**PROBLEM DESCRIPTION**
Once you find the line with "MAXRIENY AVD06 Dual" in the data below, transcribe exactly each line from there to the line with "Traktorek MITSUBISHI GO320D", inclusive, and nothing else. Drop the pictures.

**DATA TO PROCESS**
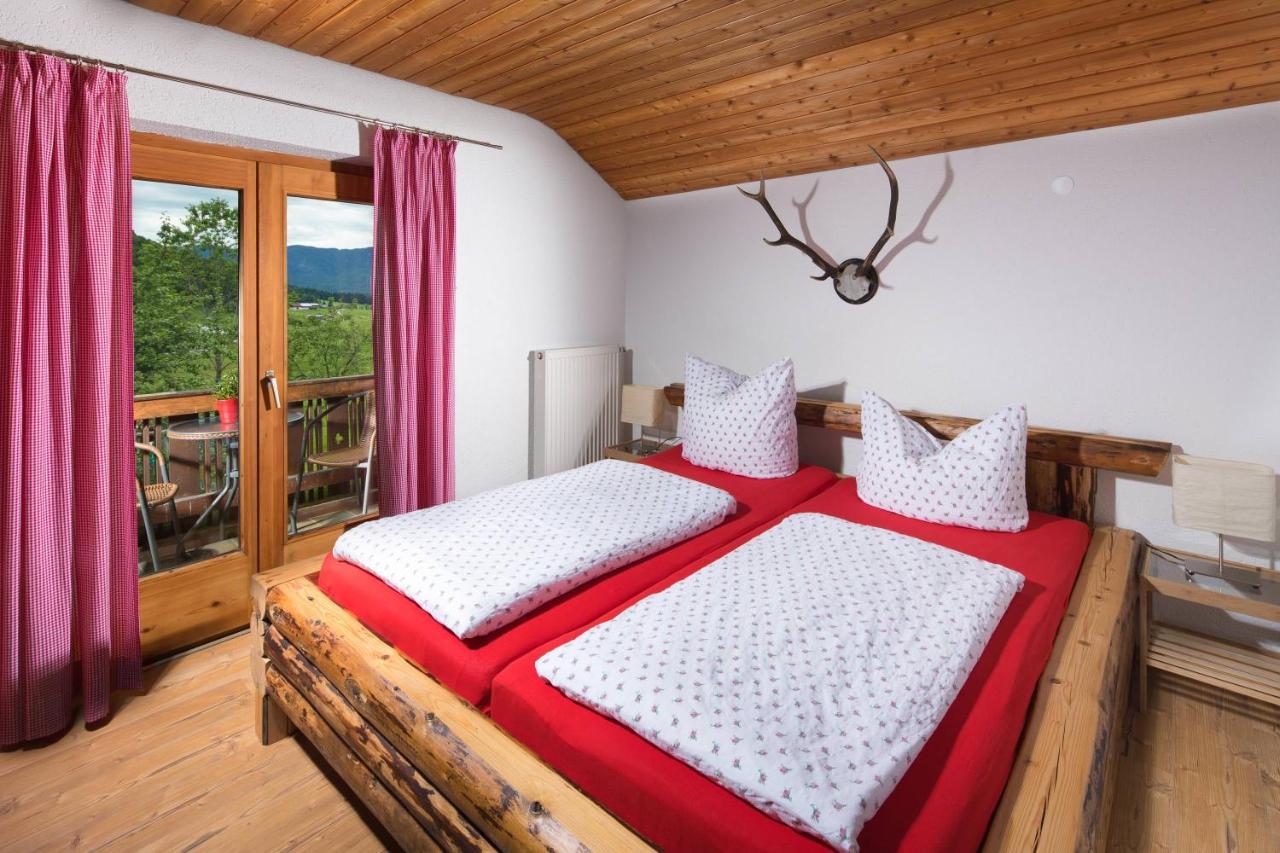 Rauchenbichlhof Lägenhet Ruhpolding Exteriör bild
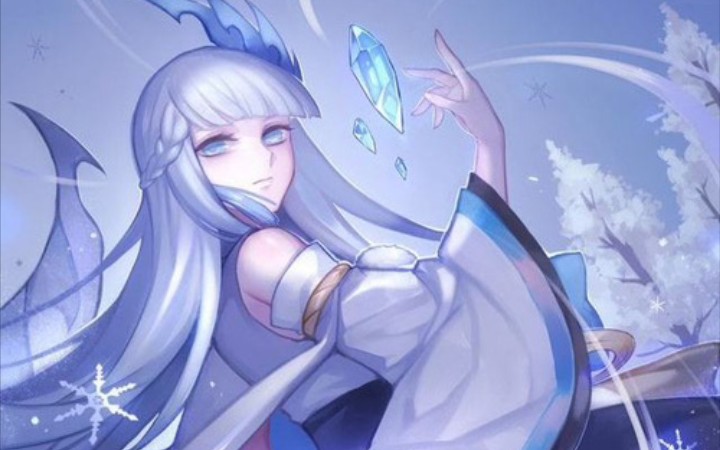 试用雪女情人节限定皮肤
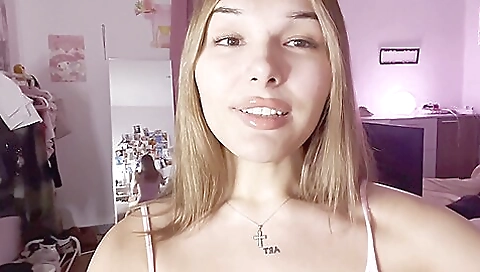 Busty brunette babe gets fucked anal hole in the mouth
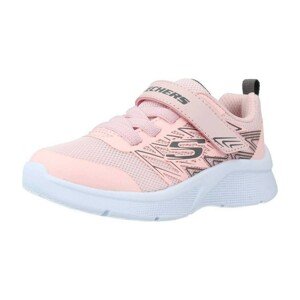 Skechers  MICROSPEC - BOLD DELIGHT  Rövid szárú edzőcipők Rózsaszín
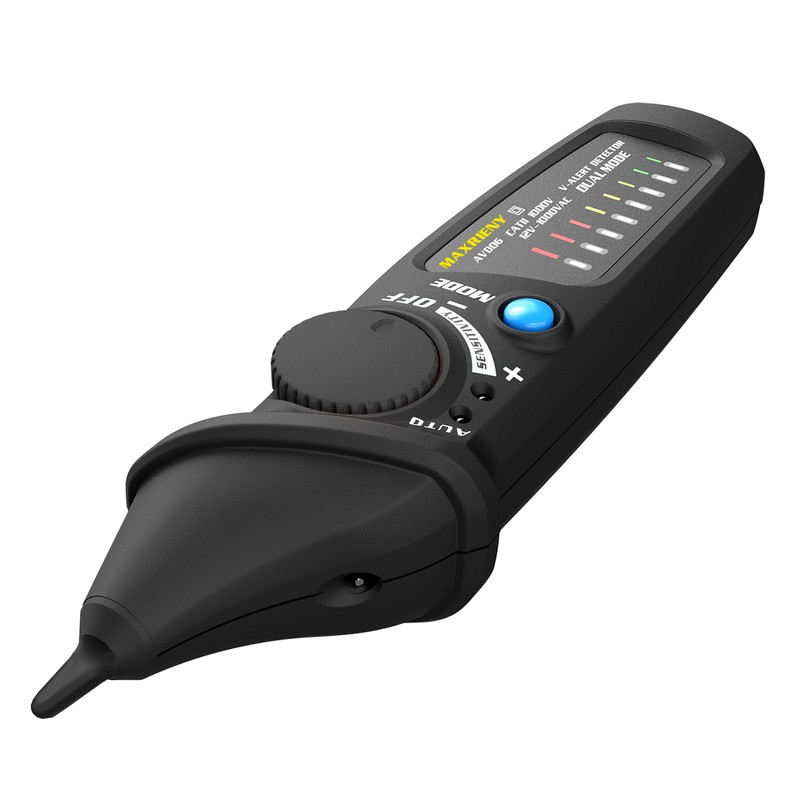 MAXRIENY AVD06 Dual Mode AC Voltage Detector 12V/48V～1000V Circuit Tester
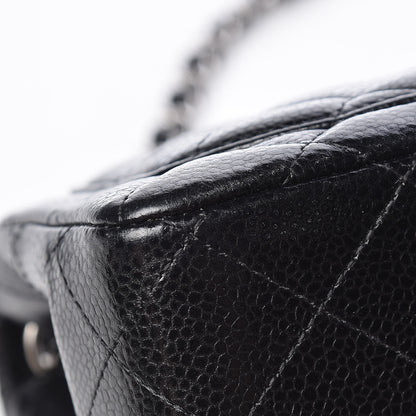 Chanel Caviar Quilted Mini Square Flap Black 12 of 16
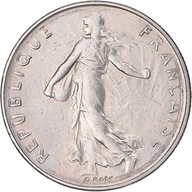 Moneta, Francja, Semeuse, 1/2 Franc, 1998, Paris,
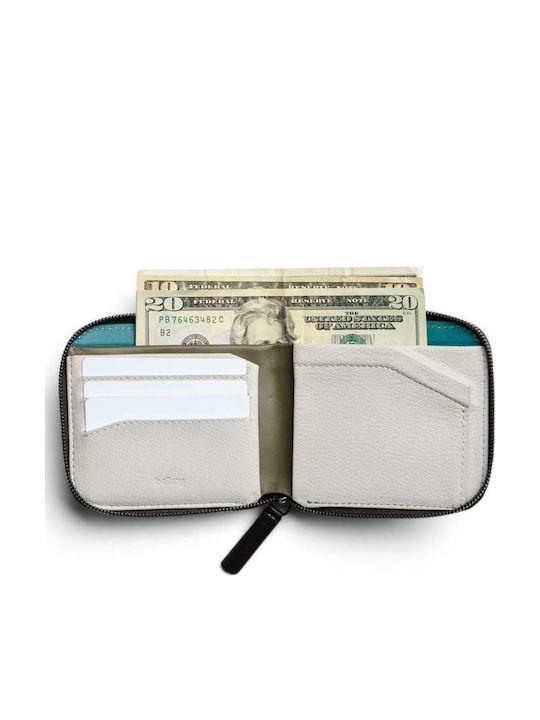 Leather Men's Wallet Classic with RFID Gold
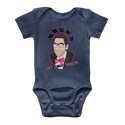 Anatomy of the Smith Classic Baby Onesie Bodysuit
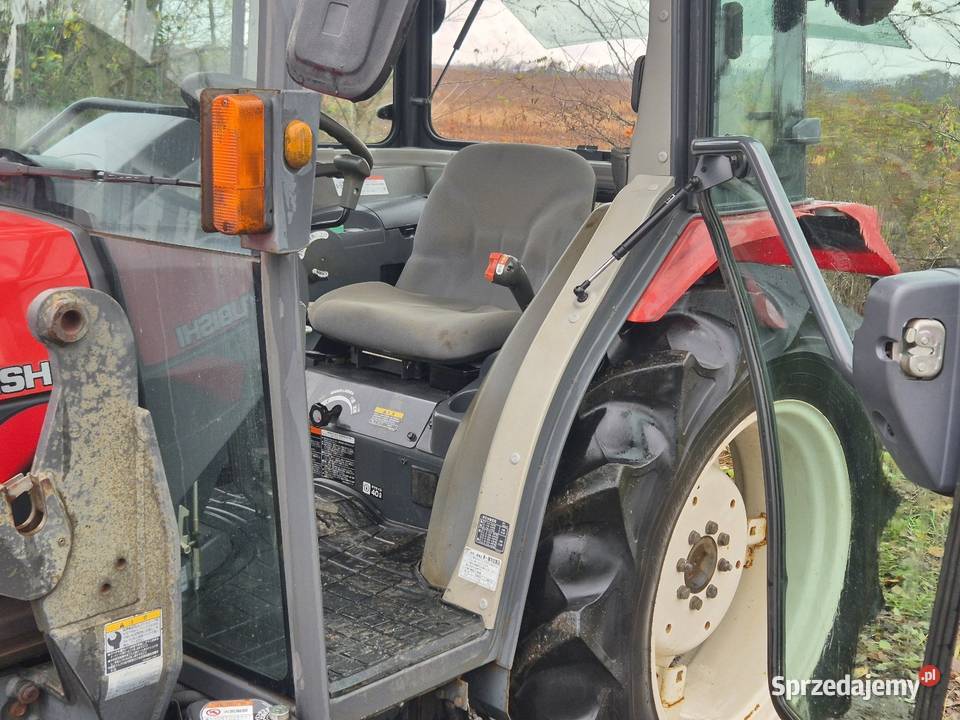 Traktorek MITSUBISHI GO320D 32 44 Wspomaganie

==

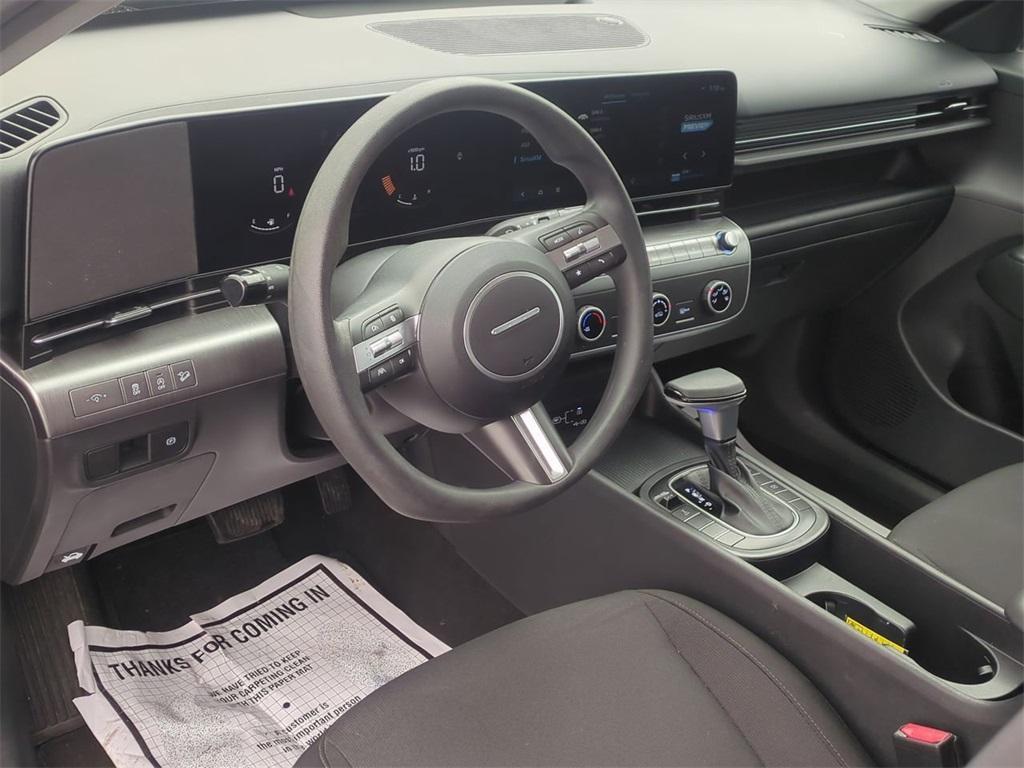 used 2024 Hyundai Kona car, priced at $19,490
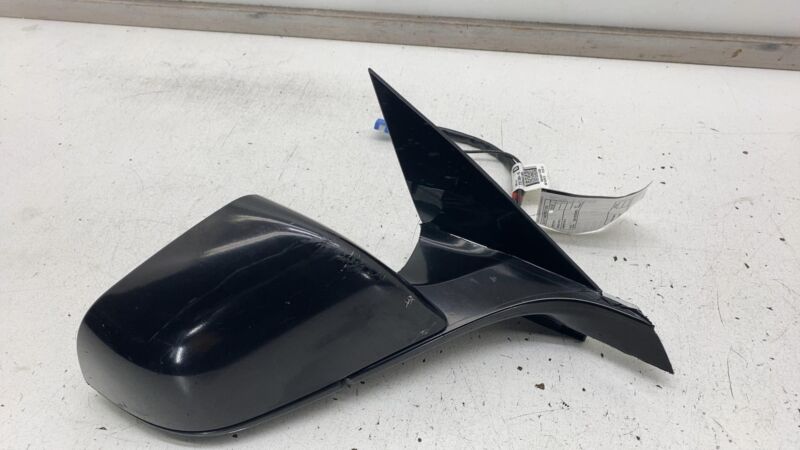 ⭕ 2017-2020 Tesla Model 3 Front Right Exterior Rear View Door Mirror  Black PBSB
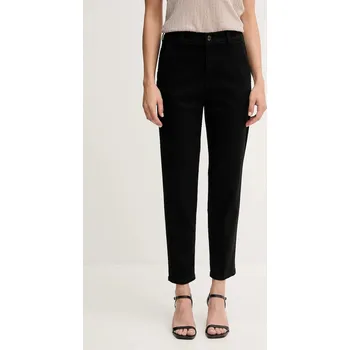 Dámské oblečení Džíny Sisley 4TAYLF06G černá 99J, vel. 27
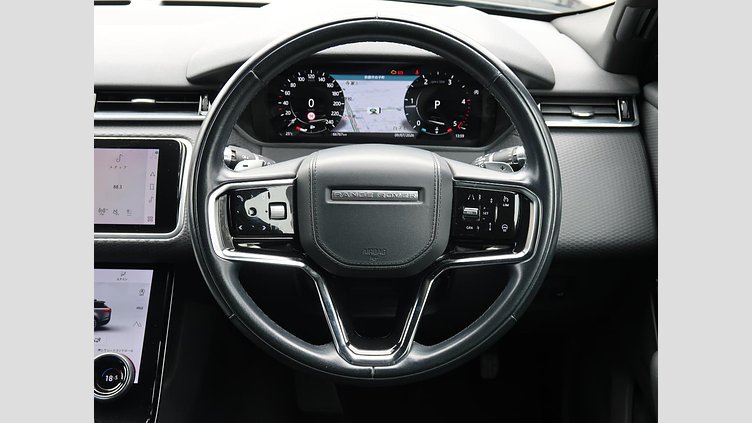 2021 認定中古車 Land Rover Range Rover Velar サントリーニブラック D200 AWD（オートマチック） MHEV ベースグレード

**ANSWER TO THIS EXERCISE**
 MAXRIENY AVD06 Dual Mode AC Voltage Detector 12V/48V～1000V Circuit Tester
 Chanel Caviar Quilted Mini Square Flap Black 12 of 16
 Moneta, Francja, Semeuse, 1/2 Franc, 1998, Paris,
 Leather Men's Wallet Classic with RFID Gold
 Anatomy of the Smith Classic Baby Onesie Bodysuit
 Traktorek MITSUBISHI GO320D 32 44 Wspomaganie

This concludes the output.